La road map europea per l’efficienza idrica – Luci e ombre.
Il tema della water efficiency, che potremmo tradurre con efficienza della gestione delle acque, deve diventare centrale nell’agenda politica ambientale dell’Unione Europea. E’ la proposta lanciata dall’Agenzia Europea dell’Ambiente in occasione della presentazione della “Cooperazione Europea sull’Acqua” (indicata con l’acronimo inglese EWP), il 29 settembre scorso.
Nel prossimo futuro, quindi, i principali attori istituzionali di Eurolandia si muoveranno nella direzione della water efficiency per diffondere un nuovo e comune approccio alla gestione delle risorse idriche negli Stati membri.
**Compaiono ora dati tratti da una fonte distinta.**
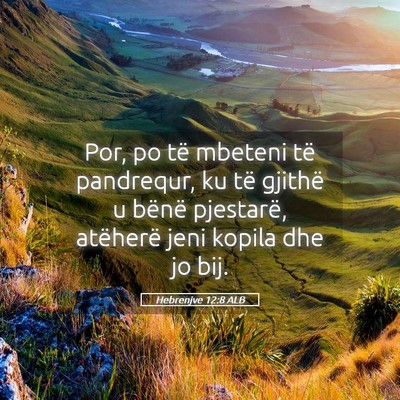 Picture 05 - Hebrenjve 12:8 ALB - Por, po të mbeteni të pandrequr, ku të gjithë - Bible Verse Picture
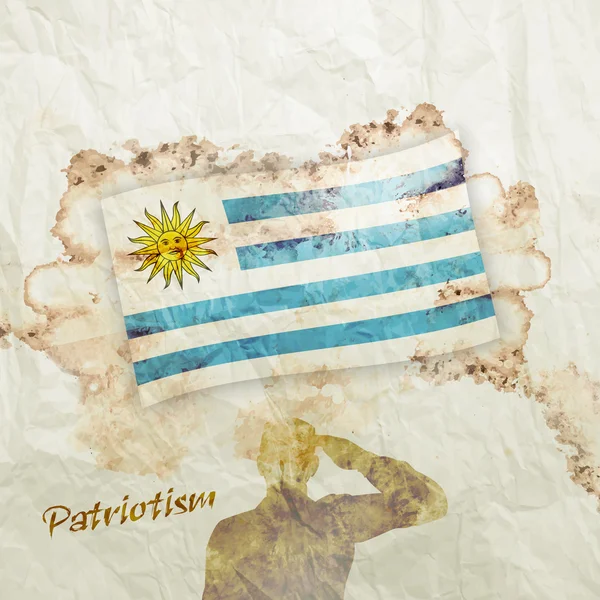 Uruguay flagga på akvarell grunge paper — Stockfoto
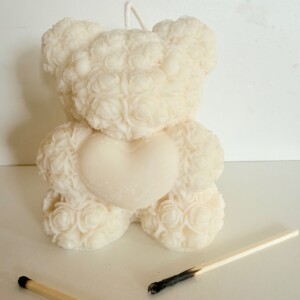 Rozenkaars beer met hartje XXL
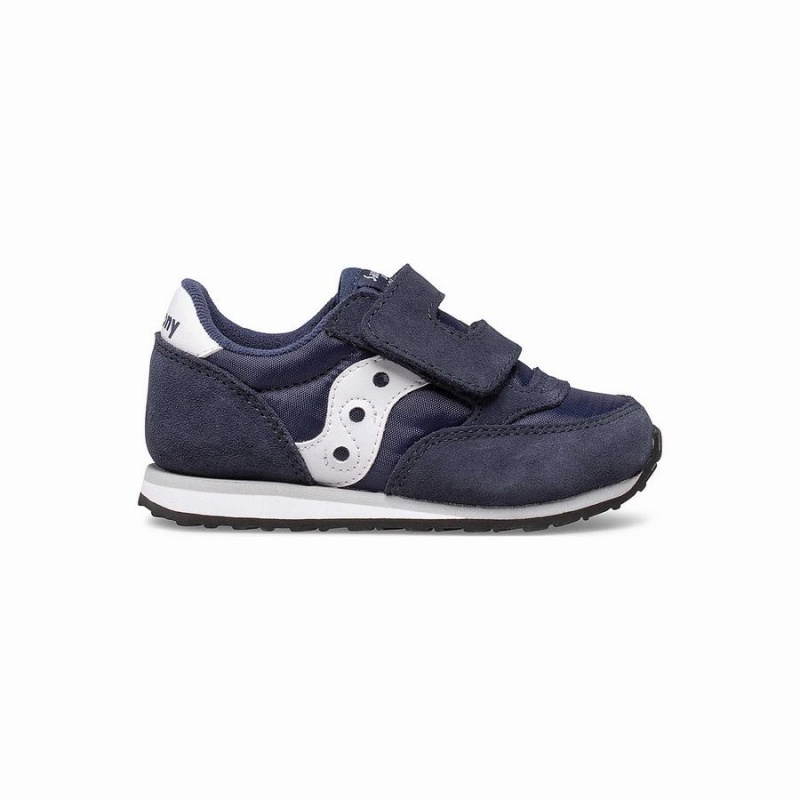 Kids\' Saucony Baby Jazz Hook & Loop Sneakers Navy / White | UAE S70329-G71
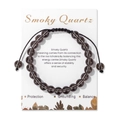 Handgemaakte rookkwarts kralenarmband met verstelbaar zwart koord op displaykaart - Rookkwarts Stijl (FK2276) / 19cm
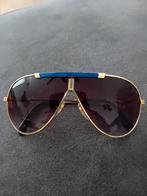 Vintage Pilotenbril Goud/Blauw, Overige merken, Gebruikt, Zonnebril, Overige kleuren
E’ una vera e propria road moap, quella disegnata dalla professoressa Jacqueline McGlade, direttrice dell’Agenzia Europea, e che si muove sul solco della direttiva quadro sull’acqua (Water Framework Directive, WFD), approvata dal Parlamento di Bruxelles nel lontano 2000 e che, ora, l’esecutivo, cioè la Commissione, dovrà tradurre in realtà.
Nell’ambito della lotta al cambiamento climatico e alla riduzione dei gas serra, il problema dell’acqua, infatti, gioca un ruolo principale.
Proprio le trasformazioni climatiche imputabili all’inquinamento hanno prodotto due ordini di fenomeni.
Da un lato, c’è la tropicalizzazione del clima, che porta un eccesso di acqua sotto forma di piogge torrenziali, con i danni che abbiamo potuto recentemente constatare in provincia di Messina. Dall’altro, l’acqua è diventata un bene scarso che deve essere gestito con oculatezza in tutte le sue applicazioni.
Ma qual è la ratio della WFD e cosa si cela dietro alla water efficiency?
Le linee guide europee rappresentano una rivoluzione copernicana per le autorità marittime e le autorità di bacino; basti pensare che, in Italia, solo una minima parte delle Autorità di bacino ha approvato i Piani di bacino, strumenti indispensabili alla gestione del territorio. La WFD punta – con l’approccio comunitario, il solo in grado di incidere sull’ambiente, visto che l’inquinamento e le acque si muovono da un posto all’altro – a ripulire mare e fiumi, a mappare falde acquifere, i canali, il rischio idrogeologico.
Nuovi Sistemi Informativi Territoriali, mappe elettroniche, e il più grande database sulle acque esistente, promosso dall’Unione, il WISE (Water Information System of Europe), si riveleranno fondamentali. Anche in questo caso, l’Unione “spingerà” i Paesi ad assumere atteggiamenti virtuosi e rigorosi.
Un recente caso, la settimana scorsa, allorquando la Commissione si è dichiarata pronta ad aprire una procedura di infrazione verso il Regno Unito e ha severamente ammonito la Spagna, in entrambi i casi, per non aver rispettato la direttiva sul trattamento delle acque reflue, ne è la riprova.
Ma per la water efficiency non solo luci ma anche ombre.
La direttiva, secondo l’approccio economico liberale, ritiene, infatti, che il miglior incentivo a ridurre gli sprechi è portare il costo “politico” dell’acqua a quello reale, uguale ai costi del servizio; un passaggio che, fra l’altro, potrebbe legittimare il passaggio dell’acqua in mano ai privati, anche se la direttiva non ne fa espressa menzione. Mentre la nascita di vari movimenti, in tutta Europa ed in Italia, per “l’acqua pubblica” testimonia come ci sia ampio consenso su come l’acqua debba rimanere un bene di tutti.
La WFD ritiene, comunque, che il costo dell’acqua debba essere quello effettivo, non solo per industrie od agricoltori, cioè per chi effettivamente lucra utilizzando un input a prezzi non di mercato, ma anche per le singole famiglie. E’ ovvio che la WFD comporterà un aumento del costo dell’acqua, in Europa, per tutti, nel prossimo futuro.
Proprio gli economisti insistono, a difesa della direttiva, che con le tariffe si punta ad incentivare comportamenti virtuosi, volti a diminuire il consumo dell’acqua, e non si perseguono fini redistributivi, che spettano, invece, ad altri strumenti pubblici. Ma se congiuntamente all’aumento dell’acqua, lo Stato non realizza misure perequative, quali saranno i costi sociali di questa water efficiency?